Getting into the Spirit(s) of Halloween
I couldn’t let Halloween pass without an appropriately spooky column!
Westfield’s Michael and Nicole Kobrowski are probably best known for their books on the paranormal and for their Historic Indiana Ghost Walks & Tours, but did you know they also conduct ghost investigations?
I’m not talking about “giggle-giggle-let’s-scare-ourselves-silly” ghost hunting. These are serious inquiries into the paranormal.
I know because I’ve participated in some of them. If you could see all the equipment the Kobrowskis take to the various locations, you’d know they were serious investigators.
I’ve watched them lug around things like EMF (electric and magnetic field) meters, deer cams, digital cameras, heat sensitive cameras, digital recorders (to record EVPs — electronic voice phenomena) and laser grids. (Laser grids project a pattern of colored dots that can be interrupted by shadowy figures.)
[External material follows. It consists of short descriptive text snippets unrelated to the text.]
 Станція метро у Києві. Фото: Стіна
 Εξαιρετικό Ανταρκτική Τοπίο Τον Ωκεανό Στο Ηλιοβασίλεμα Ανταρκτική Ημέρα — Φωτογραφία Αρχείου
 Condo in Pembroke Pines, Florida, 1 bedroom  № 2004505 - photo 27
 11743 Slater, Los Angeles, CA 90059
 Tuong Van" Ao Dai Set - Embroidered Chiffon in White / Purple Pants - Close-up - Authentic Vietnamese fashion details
They’ve also used smaller, non-“techy” tools to communicate with spirits, such as dowsing rods, flashlights (they can be rigged so that ghosts can respond to questions by turning them on and off,) and various “trigger items” (familiar objects to which a ghost might be drawn, like a toy for a child spirit.)
It never hurts to have a psychic along, either.
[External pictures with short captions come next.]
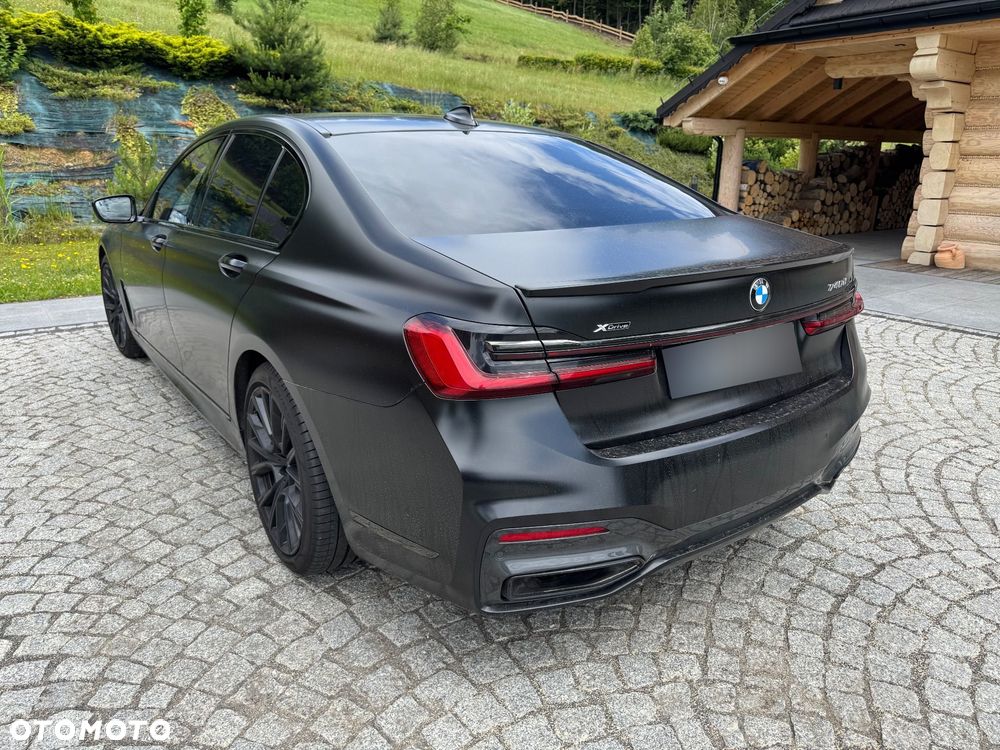 BMW Seria 7 740d xDrive - 11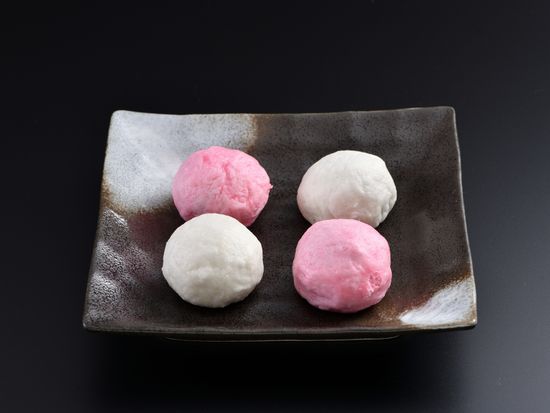 まんじゅうづくり体験 京都発祥の生麩を使ったおまんじゅう他 紅白まんじゅうなど選択可 2名 阪急西京極駅よりお迎え可 By 八つ橋庵とししゅうやかた 京都の観光 遊び 体験 レジャー専門予約サイト Veltra ベルトラ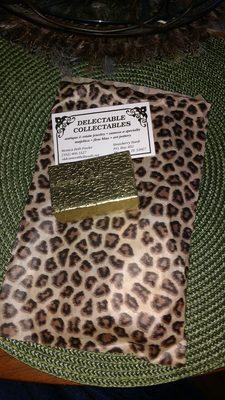 Nothing screams vintage like leopard:)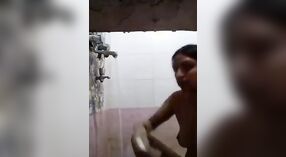 Секс-фильм обнаженной индианки Бхабхи во время купания 0 минута 40 сек
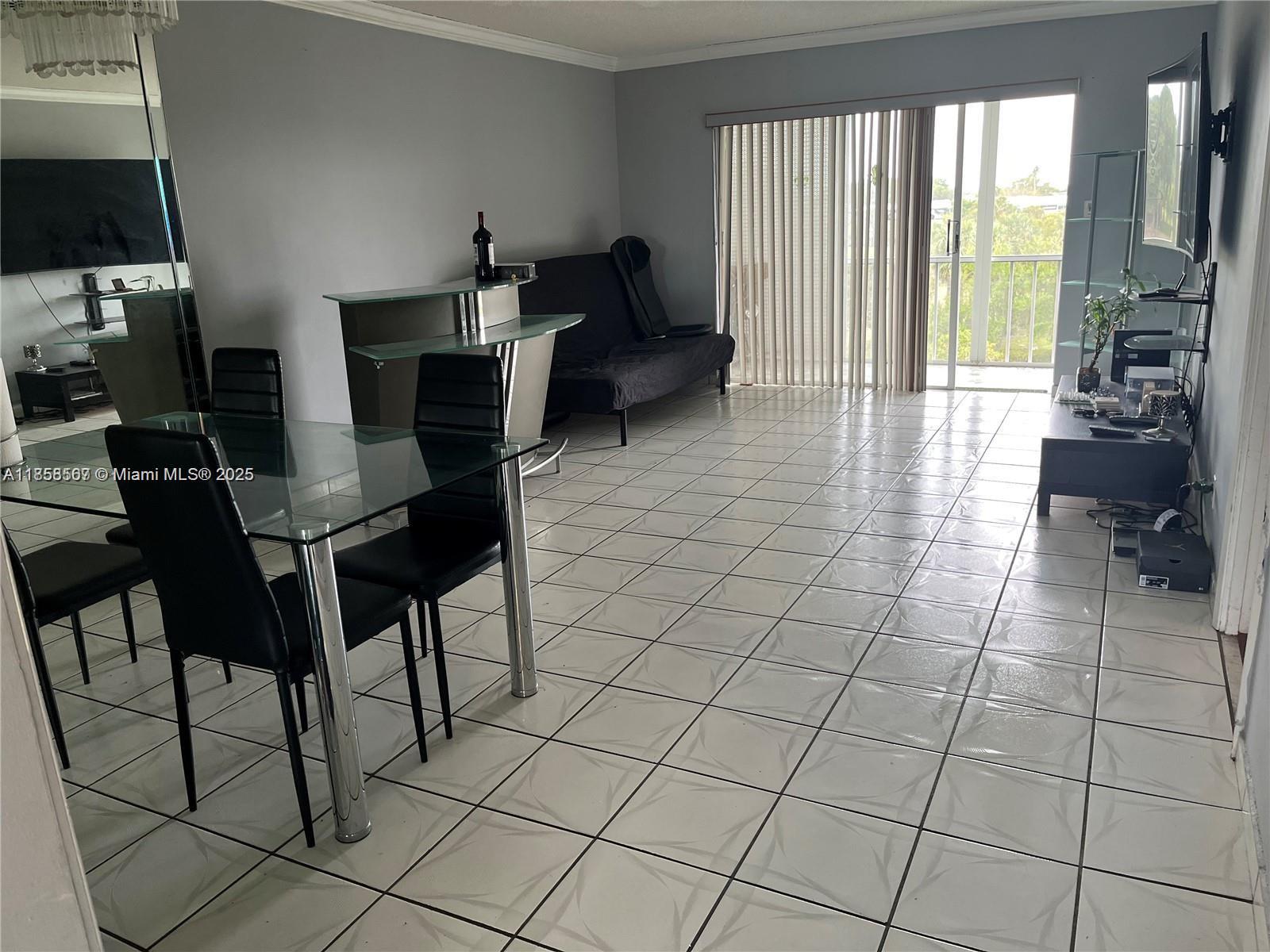 502 1 / 2 775 sq. ft. $ 2025-08-14 0 Photo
The Kobrowski’s investigations have taken them out of state to such well known paranormal hotspots as the Lizzie Borden House in Fall River, Massachusetts (it’s now a bed & breakfast and museum,) the Waverly Hills Sanatorium in Louisville, Kentucky, and the Villisca Axe Murder House in Villisca, Iowa. (Eight people were murdered there in 1912.)
They’ve also explored many haunted properties right here in central Indiana. Some of these were private investigations, undertaken with a loose-knit group of like-minded friends, while other investigations were open to the public.
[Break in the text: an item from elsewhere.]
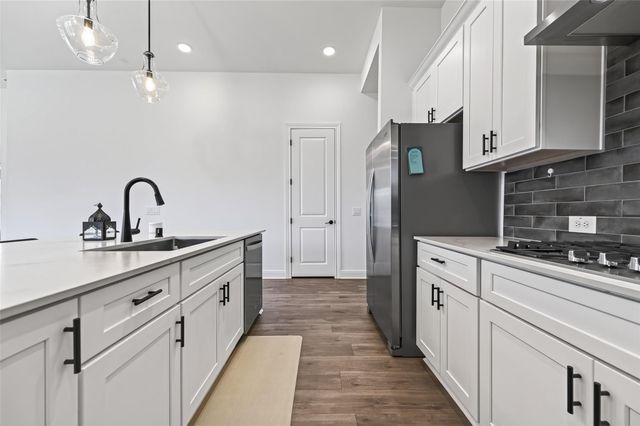 18218 Ellerden Forest Drive, Tomball, TX 77377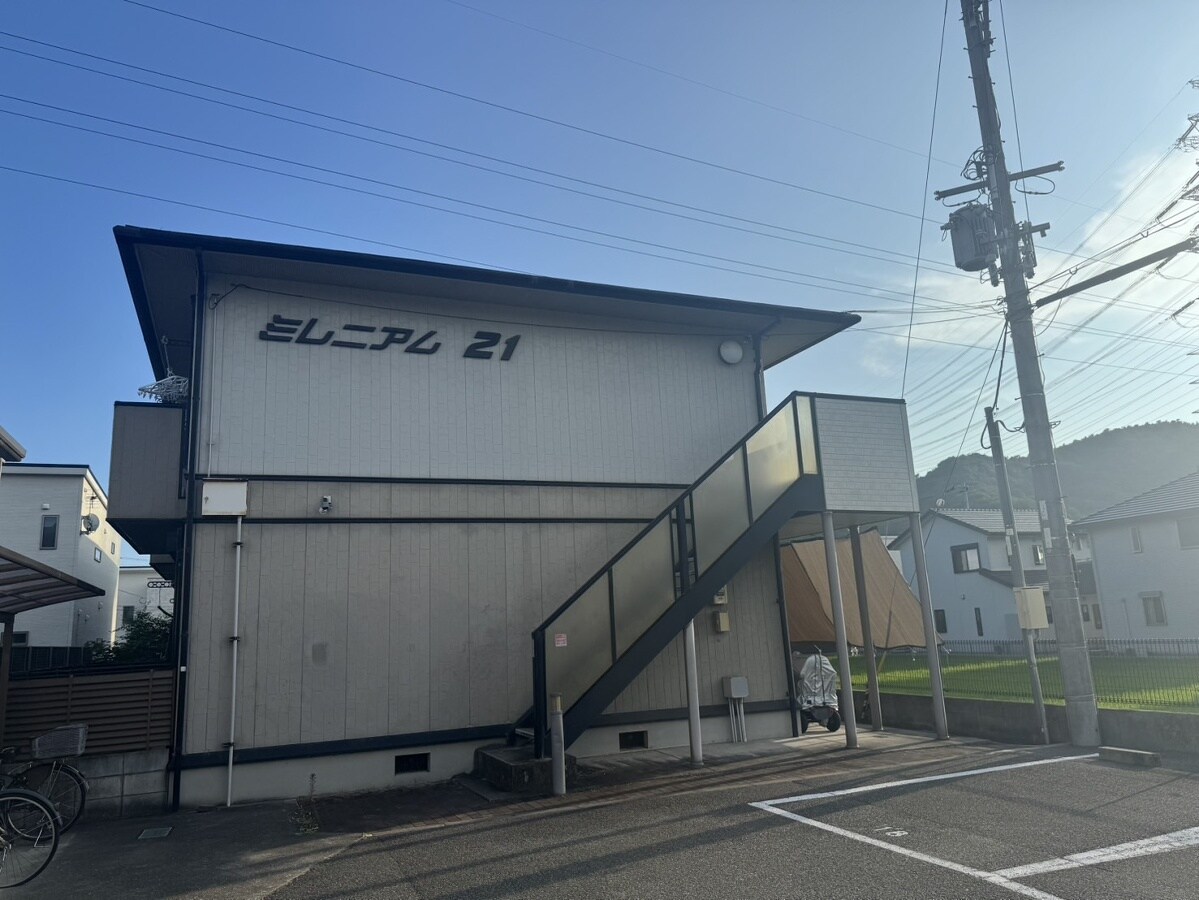 ミレニアム２１の物件外観写真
Their public investigations are generally fundraisers for the organization that operates whatever building is being investigated.
Past local investigations include Lebanon’s Strange Cragun House (home of the Boone County Historical Society,) the Wayne County Historical Society in Richmond, Noblesville’s A. H. Lacy Block, and the Slippery Noodle Inn in downtown Indianapolis — just to name a few.
Currently, there are three upcoming public investigations on the calendar: the Athenaeum in downtown Indianapolis on Nov. 19, the Old Sheriff’s Residence and Jail on the Hamilton County courthouse square on Dec. 3 and the Morris-Butler House on Indianapolis’s Old Northside on Jan. 28.
If you’re interested in signing up for one of those — or any future public investigation — be aware that they all take place at night and usually run past midnight. (The Athenaeum investigations go all night long!)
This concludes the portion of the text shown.